To engage the patient in the home requires two key attributes: frictionless and simplicity. One of the complexities is related to use and integration of the medical device with a computing platform, often an Android and IOS device. These complexities are Bluetooth sync-ing, USB wire-based connections coupled proper use of the medical device. Centers for Disease Control and Prevention (CDC) indicates 85% of adults 65 and older have at least one chronic condition and 56% struggle with two or more – in the latter situation, it often requires more than one medical device to monitor the patient in a RPM/CCM program.
John Hopkins Medicine, in a web post, Vital Signs, states, “The four main vital signs routinely monitored by medical professionals and health care providers include the following:
- Body temperature
- Pulse rate
- Respiration rate (rate of breathing)
- Blood pressure (Blood pressure is not considered a vital sign but is often measured along with the vital signs.)”

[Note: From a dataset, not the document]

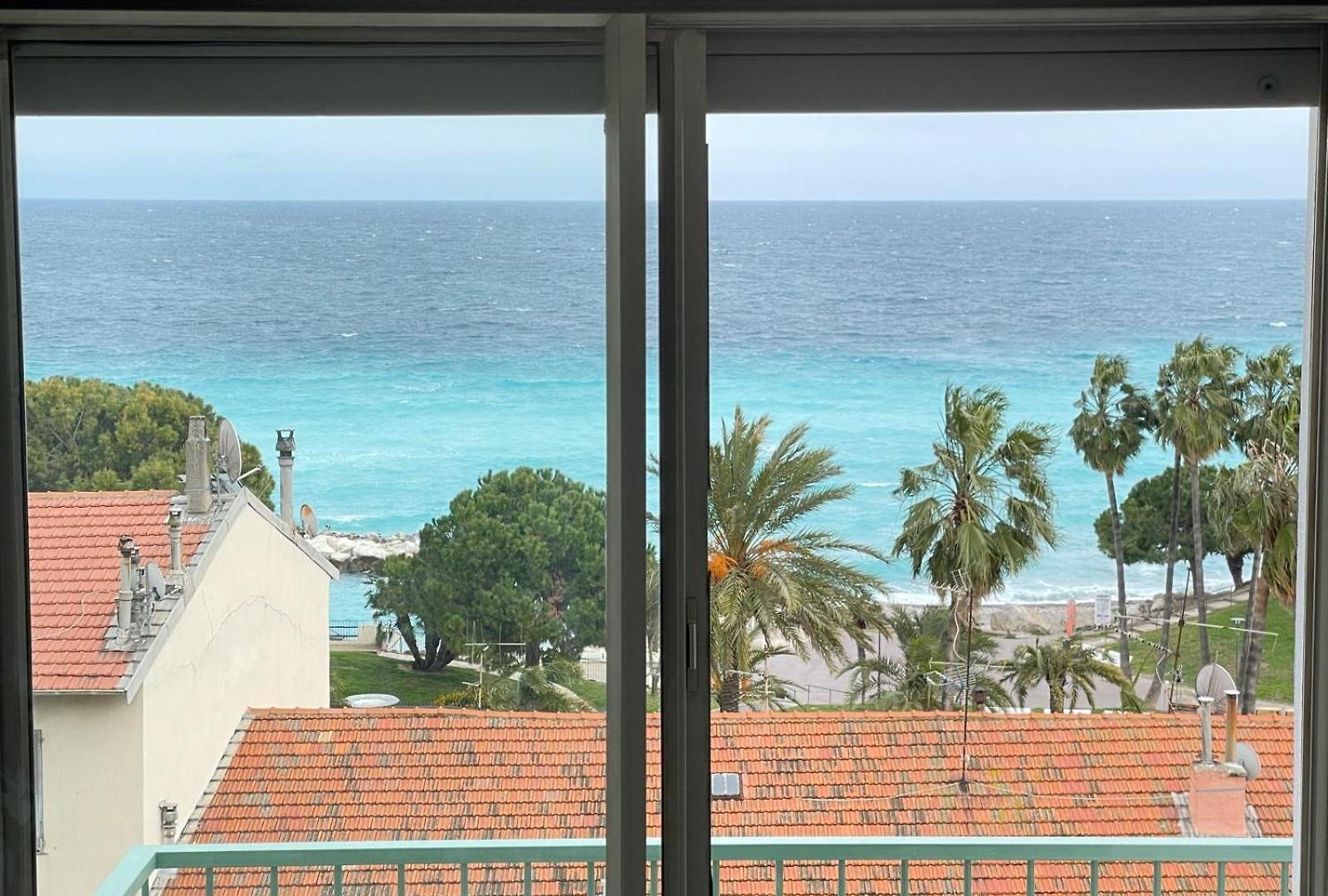 Appartement En Face De La Avec Vue Fantastique ! Nice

Let’s take this same model to evaluate as to how it can help consumer/employees/patients regarding COVID. The CDC guidance states, “As a healthcare provider, you know that people with COVID-19 can have a wide range of symptoms – from no symptoms to mild symptoms to severe illness. Many people with COVID-19 have low oxygen levels, a life-threatening condition. However, not everyone with a low oxygen level will have difficulty breathing, so you must regularly monitor the oxygen levels of your COVID-19 patients… An oxygen saturation of 95 to 100 percent is normal for healthy children and adults. Warning signs of a low oxygen level include trouble breathing, confusion, difficulty waking up, and bluish lips or face. Adults may have chest pain that doesn’t go away.”
For clarity, blood oxygen saturation is only one measure that could guide a person to act. With respect to CIVID the ability to self-monitor one’s vitals to maximize efforts to advance wellness as well as permit the person to be pre-emptive if their vitals, in the case of COVID, their blood oxygen saturation, goes below 95. In the end, yet another tool to use in our efforts to mitigate COVID development, other tools: vaccines, social distancing, masks, cleansing and new therapy from Merck and Pfizer if positive with COVID.

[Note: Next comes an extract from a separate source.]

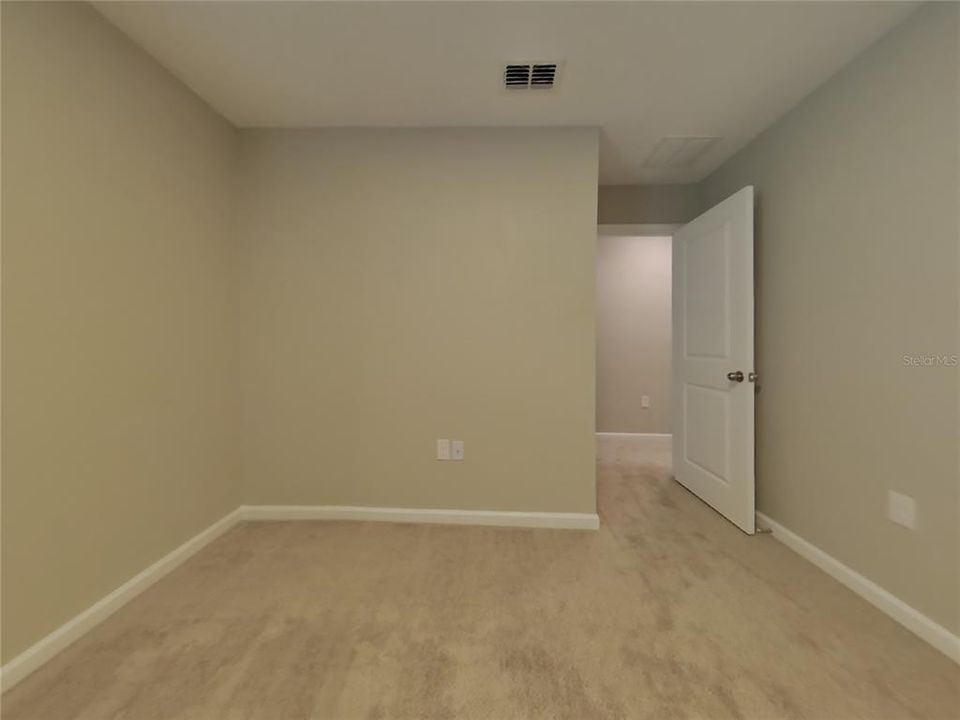 For Rent: $2,529 (3 beds, 2 baths, 1621 Square Feet)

Overall, there are simple and frictionless approaches coupled with many benefits when leveraging a virtual care platform to self-monitor, and engage in a RPM/CCM monitoring program. Never has the promise of innovation in Healthcare IT provided the optimism to embrace a platform that transforms the delivery of care model with a frictionless and simple solution.
Let’s ring in the new year – let’s continue to reimagine the delivery of care model.